Cemetery in Llano County, Texas

Baby Head Cemetery is a cemetery located on Highway 16, approximately 9 miles north of the city of Llano, Texas. Designated a Recorded Texas Historic Landmark in 1991, Marker 9432. The sign reads as follows:

According to local oral tradition, the name Babyhead was given to the mountain in this area in the 1850s when a small child was killed by Native Americans in the United States, and its remains left on the mountain. A local creek also carried the name, and a pioneer community founded in the 1870s became known as Baby Head. The oldest documented grave here is that of another child, Jodie May McKneely, who died on New Year's Day 1884. The cemetery is the last physical reminder of the Baby Head community, which once had numerous farms, homes and businesses.

==Mystery==
Several versions of the story have been told, and the timeline is different in these newer tales. Llano historian Goldie S. Conley did the research for the state marker now located at the cemetery. She also wrote a book, Cherokee Creek Country. Her research put the date in the 1850s, as stated on the marker. Another book which gives this earlier date is Canyon of Eagles by C.L. Yarbrough. According to The Handbook of Texas, c. 1952, Babyhead Mountain was named about 1850.

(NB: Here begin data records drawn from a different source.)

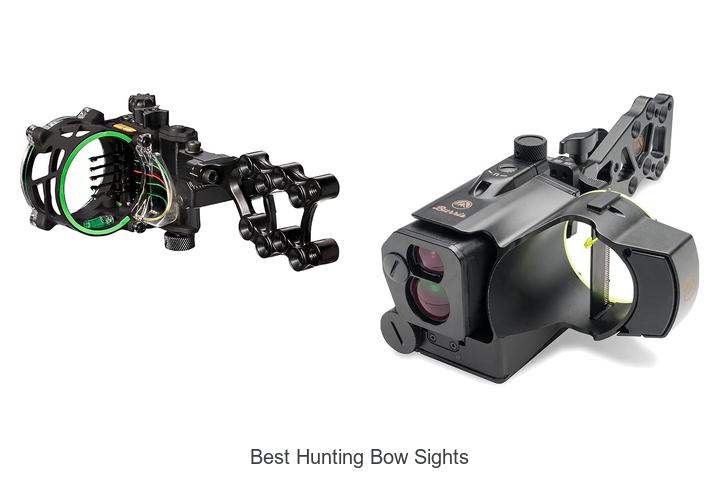 best hunting bow sights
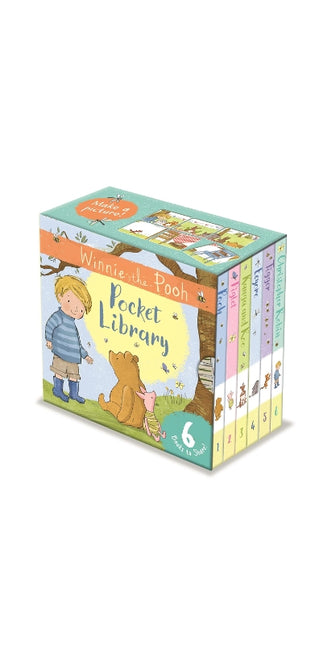 Winnie-the-Pooh Pocket Library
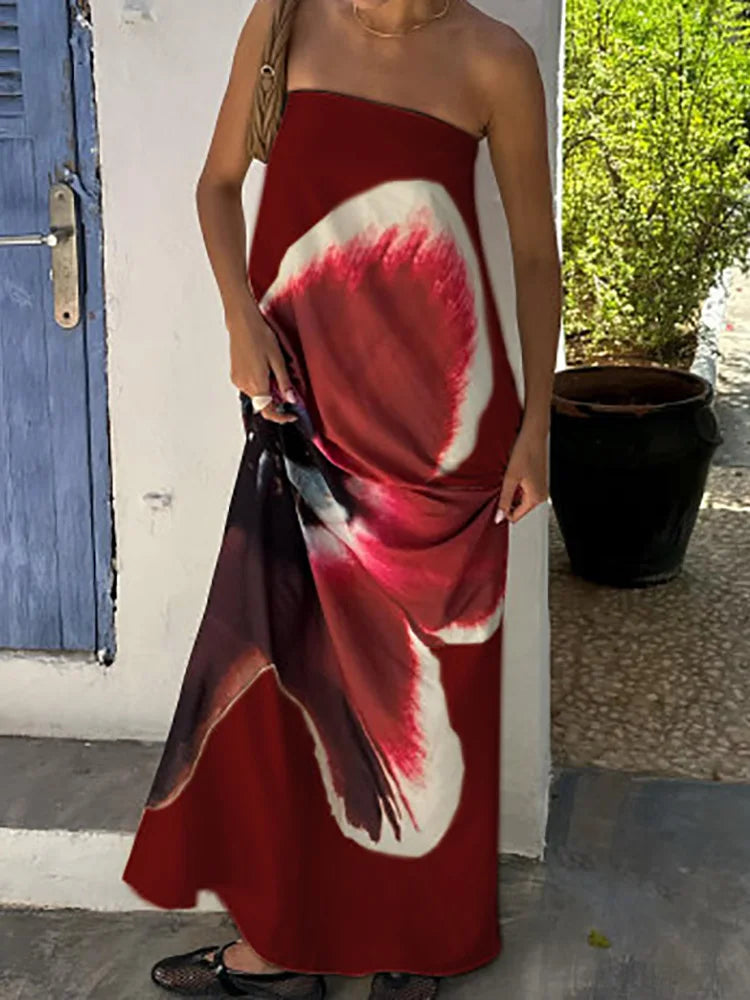 Island Breeze Dress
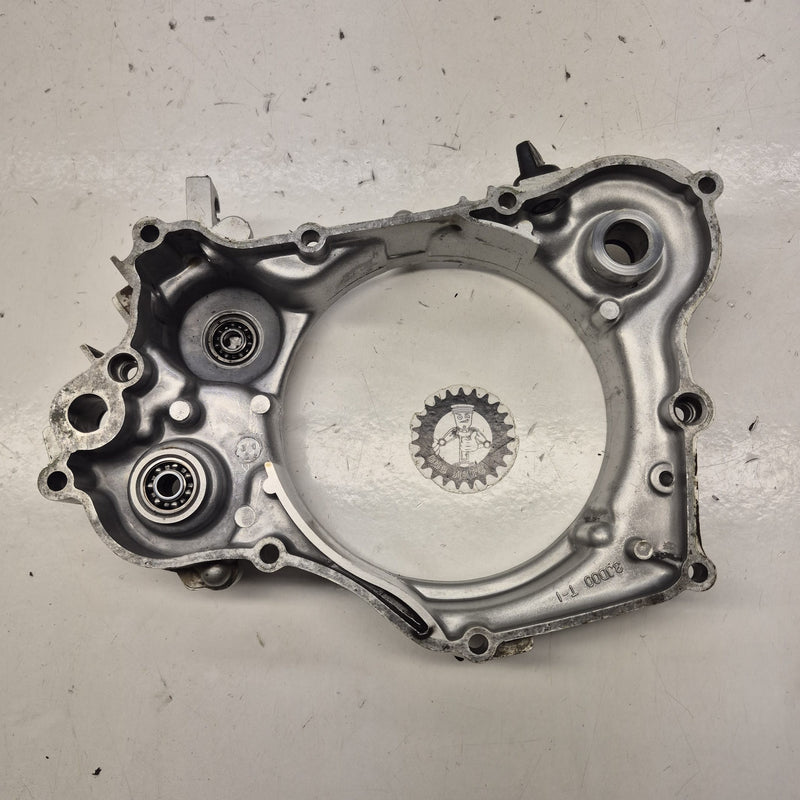 carter embrayage yamaha 125 yz 1989 3JD00-2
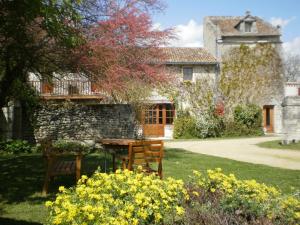 le pigeonnier du perron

Others put the date at about 1873, including John E. Conner, who was born in 1883 and grew up in the area hearing the stories from those who had been there. Llano historian Alline Elliot also puts the date in 1873, citing stories from her late husband, Sidney. He had worked for a man who, as a teen, actually went with the party to search for the baby. Alline even gives a names to the individuals involved, stating the baby's name was Mary Elizabeth, and the father Bill Buster.